Итак, Киевская Русь к 987 году окончательно вышла из затяжного десятилетнего кризиса. Византия же не только в этом кризисе оставалась – она находилась в его эпицентре. И в лице императоров Василия и Константина она вынуждена была просить о помощи. Прибытие византийских послов, о которых Лев Диакон или Михаил Псел не упоминают, поскольку в их восприятии это было связано с недопустимым унижением достоинства империи, а для Нестора – несущественно в пространстве его концепции, состоялось на стыке весны и лета 987 года. К этому времени Владимир Святославич смог укрепиться во власти, избавиться от опеки окраин и обрести авторитет – он с максимальной пользой и эффективностью для себя и для страны использовал те годы, которые Василий II, его византийский коллега, растратил в интригах и попытках удовлетворения своего тщеславия.
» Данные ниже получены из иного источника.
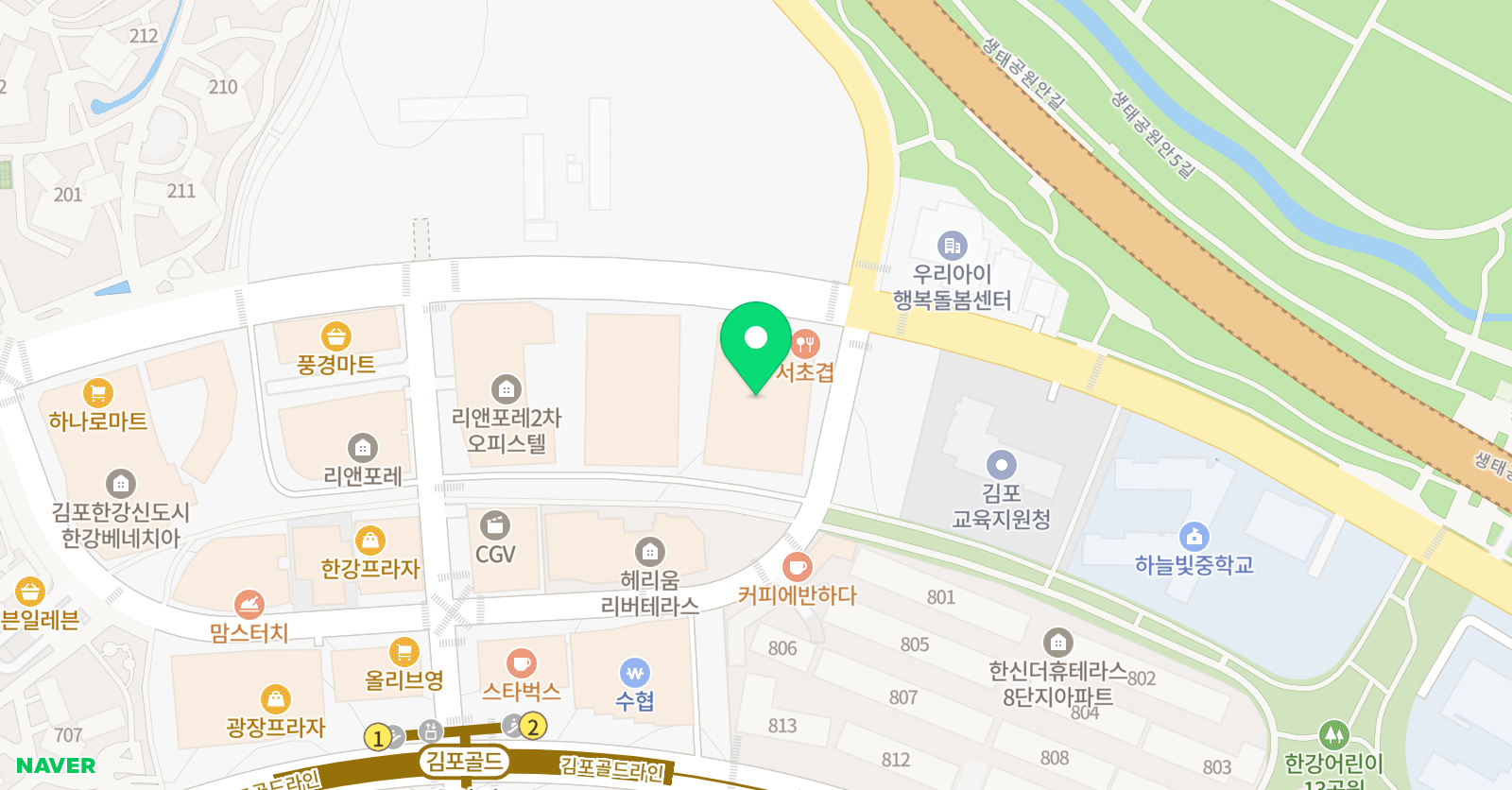 그릴래 미술교습소 위치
Элита Киевской Руси видела в своем великом князе безусловного лидера. Обратим внимание: Владимир Святославич добился этого не террором, не сталкиванием друг с другом противоборствующих сторон, не раскрепощая страсти в надежде играть на человеческих пороках! Он добился этого рассудочной осторожностью, выявлением целесообразностей для всех уделов и сословий, нахождением баланса интересов и созданием ощущения защищенности и уверенности, что завтрашний день будет не хуже нынешнего. На примере усмирения мятежных радимичей видно, что Владимир Святославич благоразумно держался в стороне от тех случаев, когда невозможно было избежать, хоть и умеренных, репрессий. На примере волынян становится понятно, что князь отнюдь не склонен акцентировать концепцию завоевания «ради умножения славы и величия», выдвигая на первый план концепцию «защиты традиций», выступая гарантом такой защиты. Можно сказать, что имея, в сравнении с Василием II, куда менее благоприятные исходные позиции (вчерашний изгой, робичич, правитель в дальнем окраинном уделе с нехорошей репутацией, полное отсутствие поддержки в киевской элите), Владимир Святославич добился такого политического качества, о каком византийскому императору оставалось только мечтать.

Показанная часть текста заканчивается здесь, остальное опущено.